ACTIVITY: An exact copy of every entry is the answer here, with no pictures.

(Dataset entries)
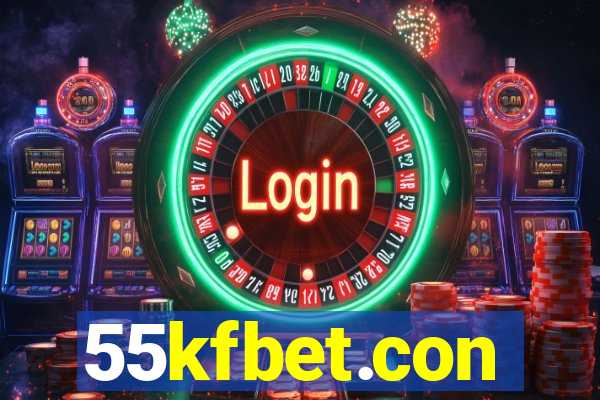 55kfbet.con
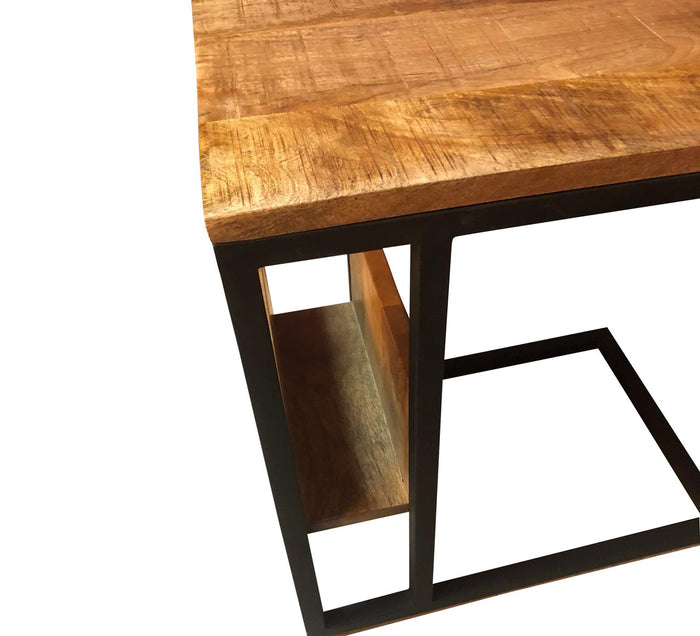 9bd4999c-43ce-4401-84dc-0e57804ed27c-afbeelding4.jpg (8040084)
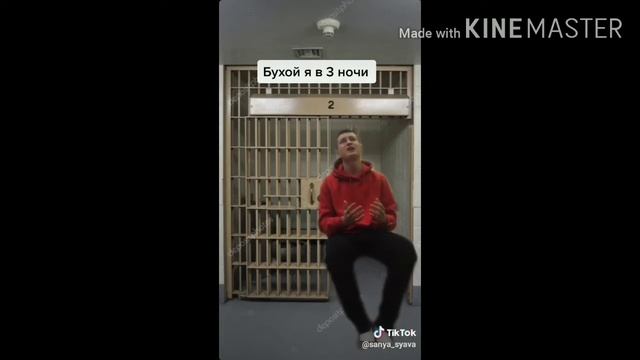 САМОЕ ТОВОВОЕ ВИДЕО 2К21 БЕЗ СМС И РЕГИСТРАЦИИ !!! смотреть онлайн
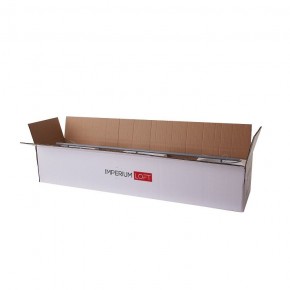 Подвесной светильник Imperiumloft Ambit MU01 в Нягани - nyagan.ok-mebel.com | фото 6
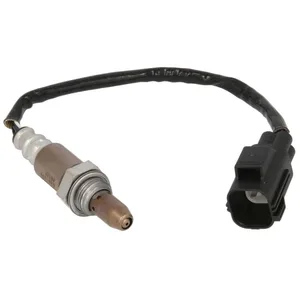Sonde lambda DELPHI ES21290-12B1 pas cher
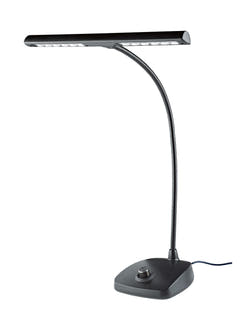 König & Meyer Klaverlampe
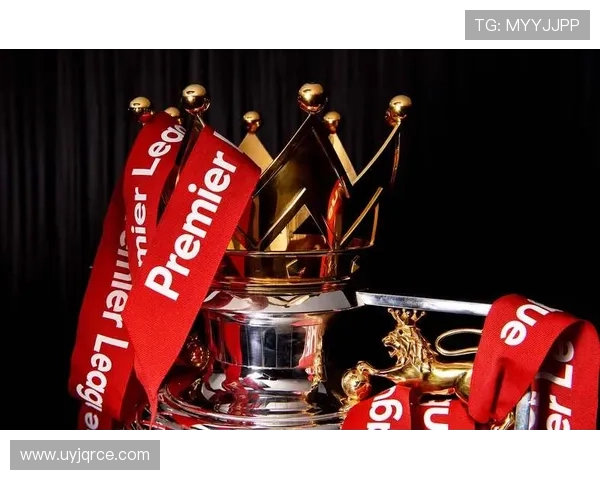 ✅体育直播🏆世界杯直播🏀NBA直播⚽- 河南宁陵人民医院相关人员涉嫌贩婴 4名涉案人员被采取刑事强制措施- sports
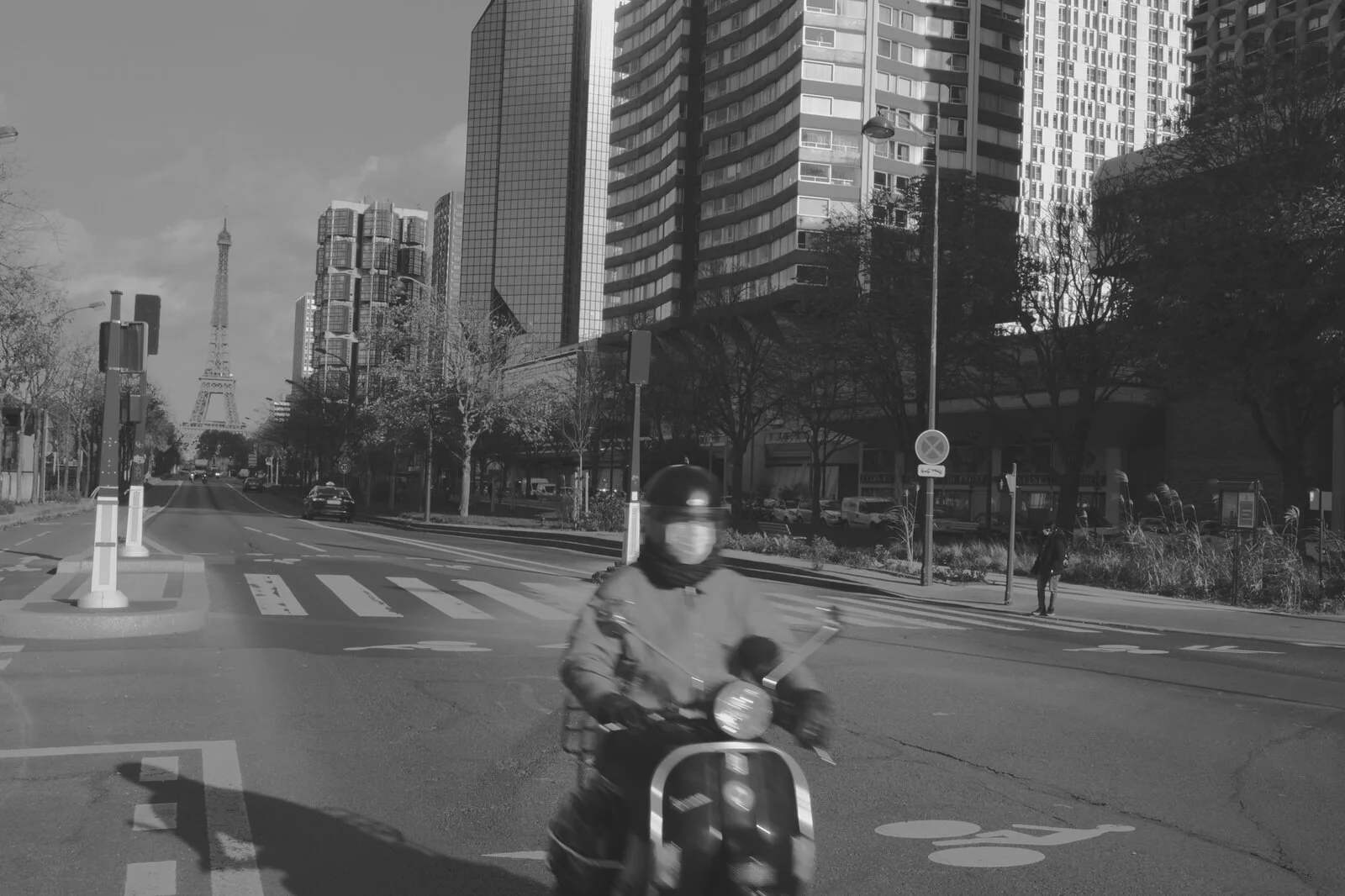 20201112-38.jpg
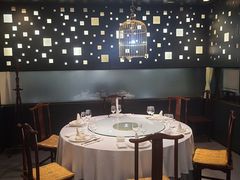 包厢-九朝会昆曲·宴(望京店)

RESULT OF THIS EXERCISE:
 55kfbet.con
 9bd4999c-43ce-4401-84dc-0e57804ed27c-afbeelding4.jpg (8040084)
 САМОЕ ТОВОВОЕ ВИДЕО 2К21 БЕЗ СМС И РЕГИСТРАЦИИ !!! смотреть онлайн
 Подвесной светильник Imperiumloft Ambit MU01 в Нягани - nyagan.ok-mebel.com | фото 6
Sonde lambda DELPHI ES21290-12B1 pas cher
 König & Meyer Klaverlampe
 ✅体育直播🏆世界杯直播🏀NBA直播⚽- 河南宁陵人民医院相关人员涉嫌贩婴 4名涉案人员被采取刑事强制措施- sports
 20201112-38.jpg
 包厢-九朝会昆曲·宴(望京店)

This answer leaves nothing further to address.